Micrologies

Ovide chez Poe


Dans le brillant essai que Karlheinz Stierle a consacré au mythe littéraire de Paris au XIXe siècle, La Capitale des signes (1), on trouve un chapitre sur « Le Détective dans la jungle des signes urbains », largement consacré à Poe et à son policier, Dupin. On sait qu’au début de Double assassinat dans la rue Morgue ce détective reconstitue l’enchaînement des pensées du narrateur, rien qu’en observant les légers signes extérieurs qui trahissent le cheminement de sa rêverie. Dans la chaîne des associations d’idées ainsi reconstituées figure, dit Dupin, « un vers latin dont nous avons souvent causé » : Perdidit antiquum littera prima sonum (« L’initiale du nom a perdu son ancienne prononciation », trad. A.-M. Boxus et J. Poucet). Il ajoute ce commentaire : « Je vous avais dit qu’il avait trait à Orion, qui s’écrivait primitivement Urion ; et à cause d’une certaine acrimonie mêlée à cette discussion, j’étais sûr que vous ne l’aviez pas oubliée » (trad. Baudelaire).

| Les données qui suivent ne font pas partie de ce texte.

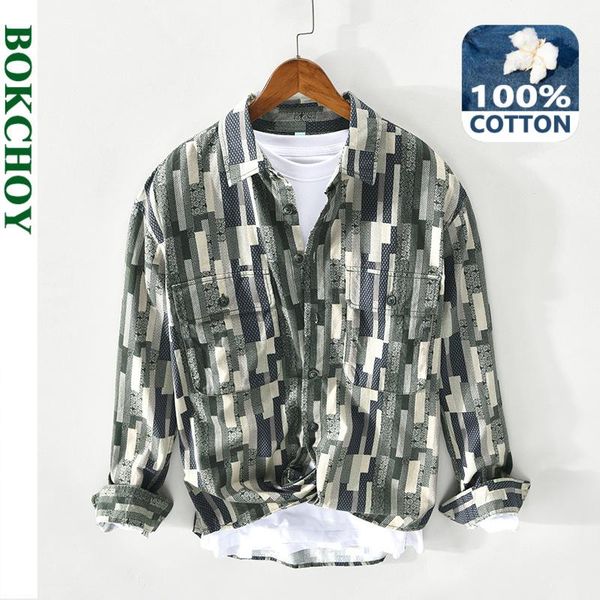 spring men printing shirt long sleeve button up casual z126 men's shirts, White;black
spring men printing shirt long sleeve button up casual z126 men's shirts, White;black
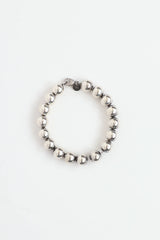 Tiffany & Co. Sterling Silver HardWear Ball Bracelet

Stierle rappelle d’abord le sens de ce vers dans le contexte des Fastes d’Ovide (V, v. 536), auxquels il appartient (2): il s’agit de la naissance d’Orion, personnage mythique plus tard changé en constellation. La légende est la suivante : privé de descendance, puisque sa femme est morte et qu’il a fait vœu de ne pas se remarier, le vieil Hyriée obtient cependant des dieux un enfant. Puisque sa femme n’est plus là (Nunc ubi sit quaeritis ? urna tegit : « Où est-elle, demandez-vous ? Dans une urne. » v. 526), les dieux, Jupiter, Mercure et Neptune, vont lui donner un fils en fécondant la peau du bœuf qu’Hyriée leur a offert en repas. Enfouie sous terre, la peau donne naissance à un enfant neuf mois plus tard.

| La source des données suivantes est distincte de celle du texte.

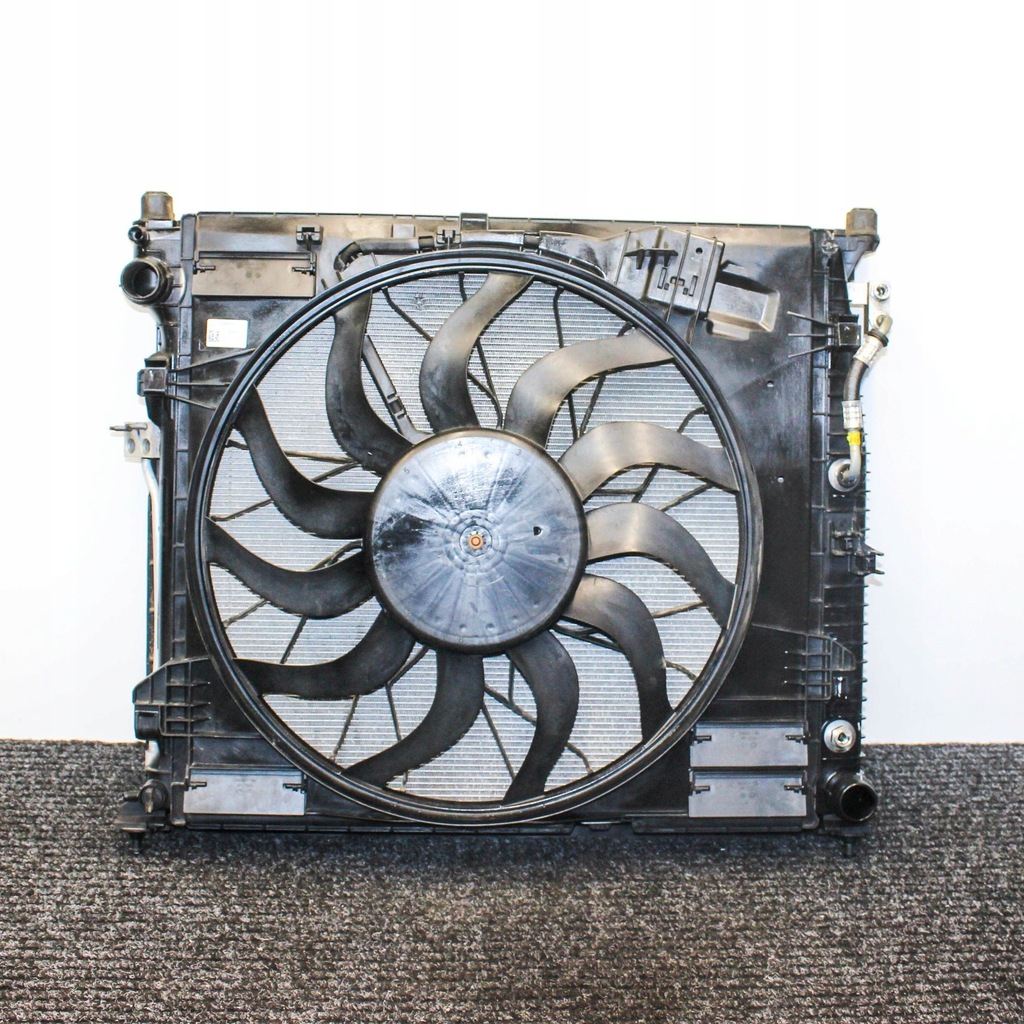 фото №6, Mercedes-benz gl x166 2013 радиатор / комплект a0999067100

Selon Stierle, tout ce passage montre à l’œuvre un processus de refoulement : l’action des dieux n’est pas désignée (Pudor est ulteriora loqui, « Ce serait inconvenant d’en dire davantage »). La semence divine est dissimulée sous le mot urina, "urine", lequel n’est pas non plus présent dans le texte, mais suggéré par les signifiants urna, "urne" et "Urion", nom donné à l’enfant. Par un degré supplémentaire de refoulement, le nom d’Urion devient ensuite Orion, par modification de la voyelle initiale, comme l'indique le vers d'Ovide cité par Dupin.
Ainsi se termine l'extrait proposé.